### Exercise prompt
Only one stretch of the data should be retyped: the lines from the line containing "holiday handmade paper" through the line containing "Büyük anne ve". Keep pictures out of it.

### Exercise input
<<<<

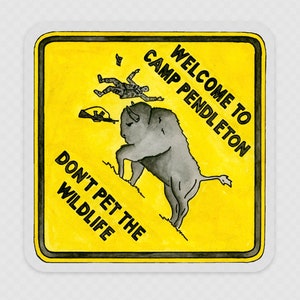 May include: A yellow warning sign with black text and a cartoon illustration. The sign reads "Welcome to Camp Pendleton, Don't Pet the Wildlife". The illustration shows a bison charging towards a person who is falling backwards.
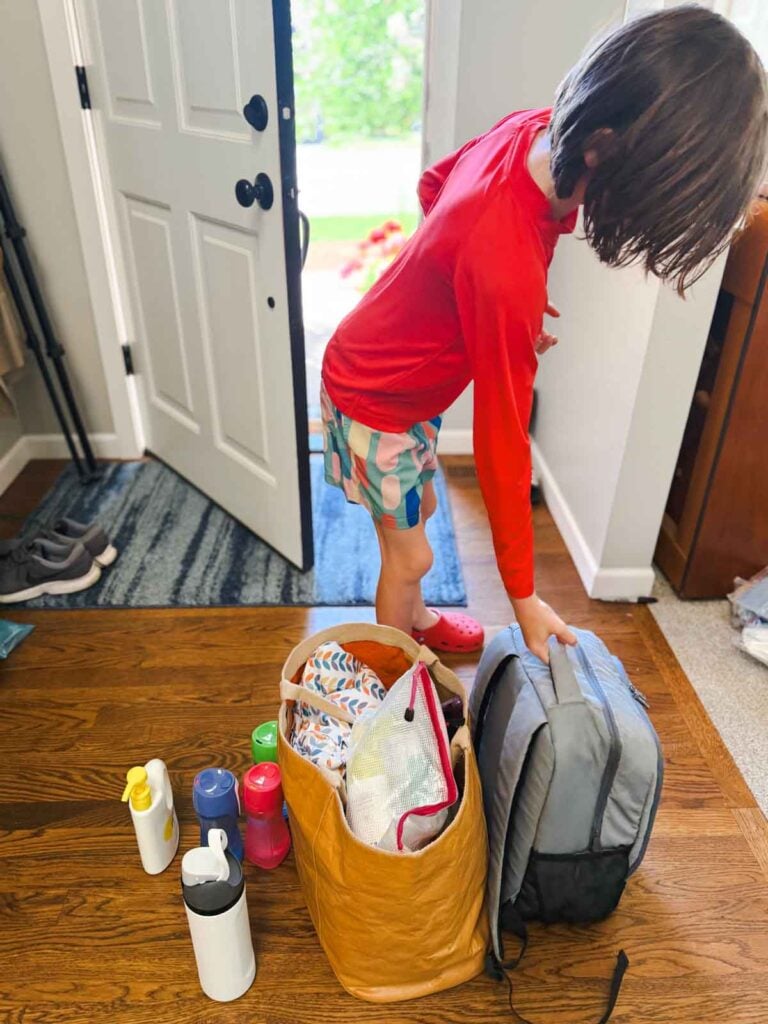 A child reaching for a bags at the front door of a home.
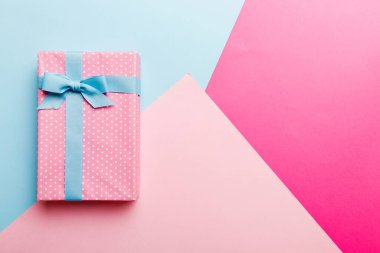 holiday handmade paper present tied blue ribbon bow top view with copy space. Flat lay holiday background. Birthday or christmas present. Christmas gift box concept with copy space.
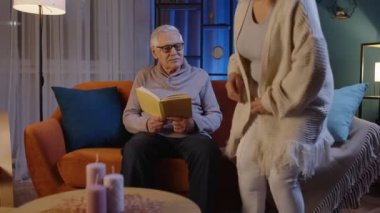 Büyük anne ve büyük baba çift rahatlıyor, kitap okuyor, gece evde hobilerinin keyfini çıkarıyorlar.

>>>>
<<<<

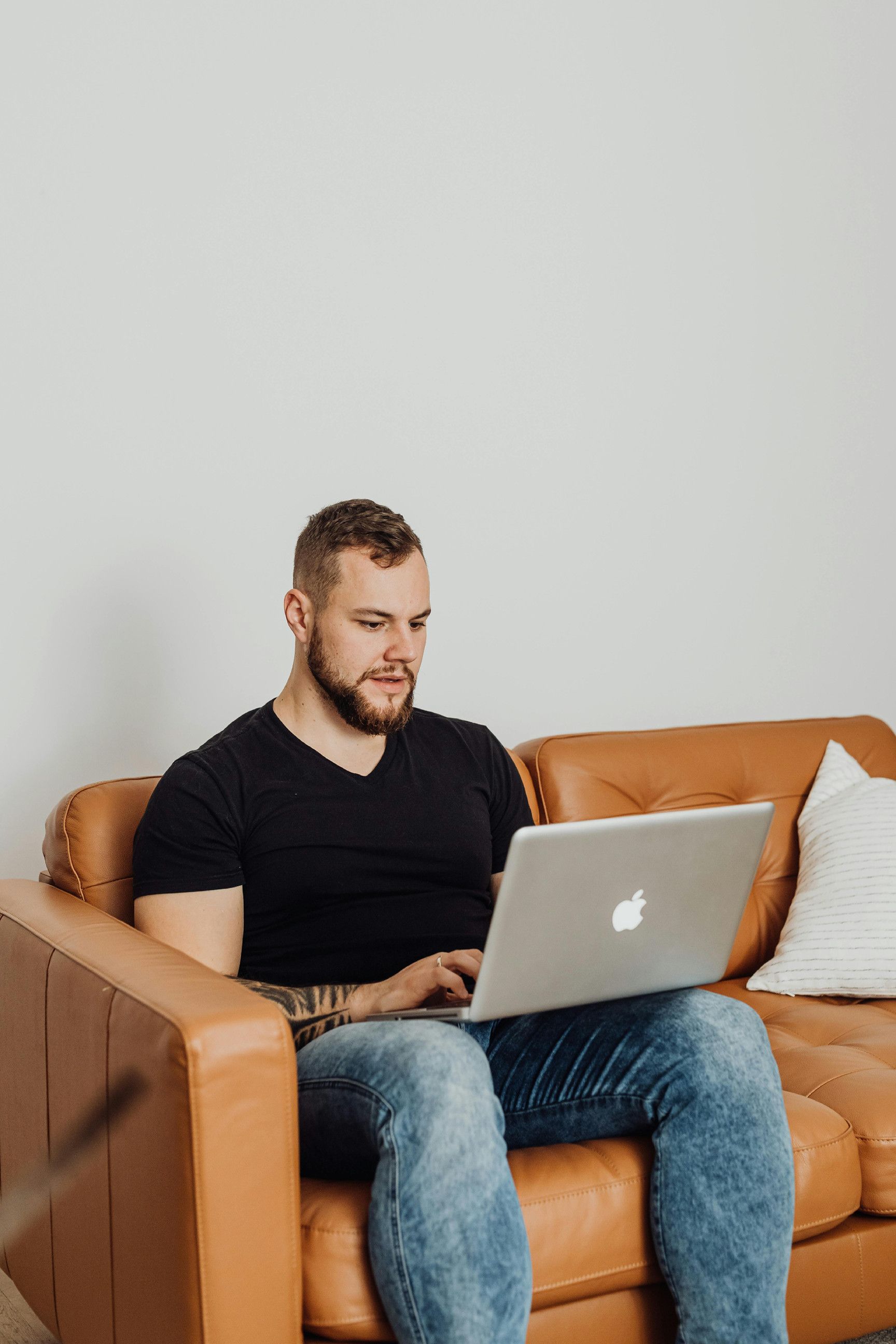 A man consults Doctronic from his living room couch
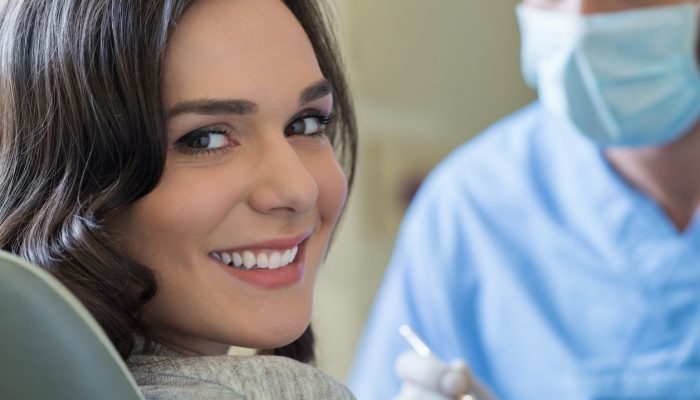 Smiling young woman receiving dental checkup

>>>>

### Your solution
 holiday handmade paper present tied blue ribbon bow top view with copy space. Flat lay holiday background. Birthday or christmas present. Christmas gift box concept with copy space.
 Büyük anne ve büyük baba çift rahatlıyor, kitap okuyor, gece evde hobilerinin keyfini çıkarıyorlar.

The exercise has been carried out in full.